Workflow class in CWL is defined by multiple process steps, where can have interdependencies between the steps, and the output for one step can be used as input in the further steps.

cwl.wf <- yaml::read_yaml(file.path(dir_path, "example/workflow_example.cwl"))
  • The cwlVersion component shows the CWL specification version used by the document.
  • The class component shows this document describes a Workflow.
cwl.wf[1:2]
#> $class
#> [1] "Workflow"
#> 
#> $cwlVersion
#> [1] "v1.0"
  • The inputs section describes the inputs of the workflow.
cwl.wf[3]
#> $inputs
#> $inputs$message
#> [1] "string"
#> 
#> $inputs$SampleName
#> [1] "string"
#> 
#> $inputs$results_path
#> [1] "Directory"
  • The outputs section describes the outputs of the workflow.
cwl.wf[4]
#> $outputs
#> $outputs$string
#> $outputs$string$outputSource
#> [1] "echo/string"
#> 
#> $outputs$string$type
#> [1] "stdout"
  • The steps section describes the steps of the workflow. In this simple example, we demonstrate one step.
cwl.wf[5]
#> $steps
#> $steps$echo
#> $steps$echo$`in`
#> $steps$echo$`in`$message
#> [1] "message"
#> 
#> $steps$echo$`in`$SampleName
#> [1] "SampleName"
#> 
#> $steps$echo$`in`$results_path
#> [1] "results_path"
#> 
#> 
#> $steps$echo$out
#> [1] "[string]"
#> 
#> $steps$echo$run
#> [1] "example/example.cwl"

CWL Input Parameter

Next, let’s explore the .yml file, which provide the input parameter values for all the components we describe above.

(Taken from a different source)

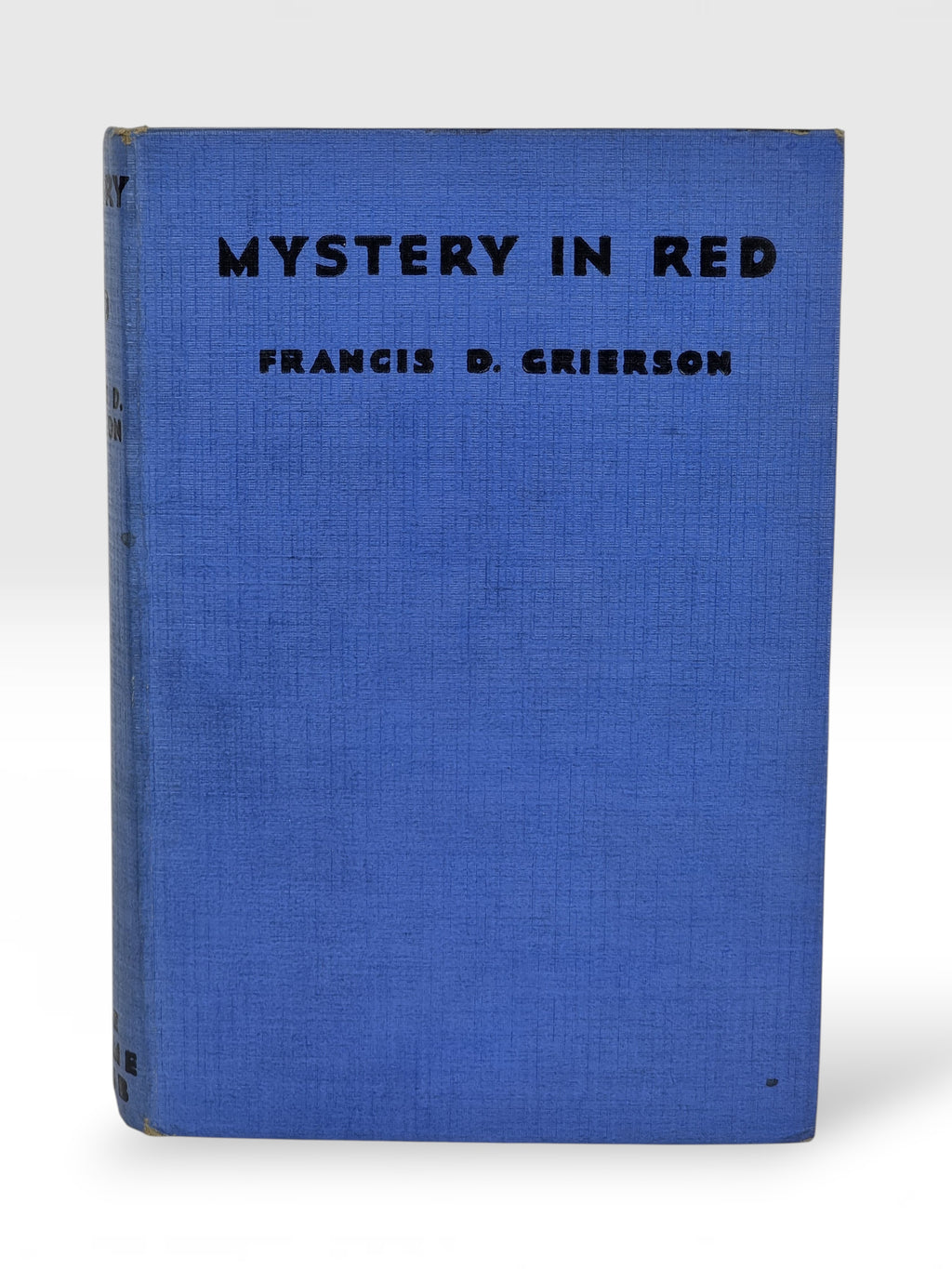 Mystery in Red, Francis D. Grierson — 1st Edition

For this simple example, we have three parameters defined:

yaml::read_yaml(file.path(dir_path, "example/example_single.yml"))
#> $message
#> [1] "Hello World!"
#> 
#> $SampleName
#> [1] "M1"
#> 
#> $results_path
#> $results_path$class
#> [1] "Directory"
#> 
#> $results_path$path
#> [1] "./results"

Note that if we define an input component in the .cwl file, this value needs to be also defined here in the .yml file.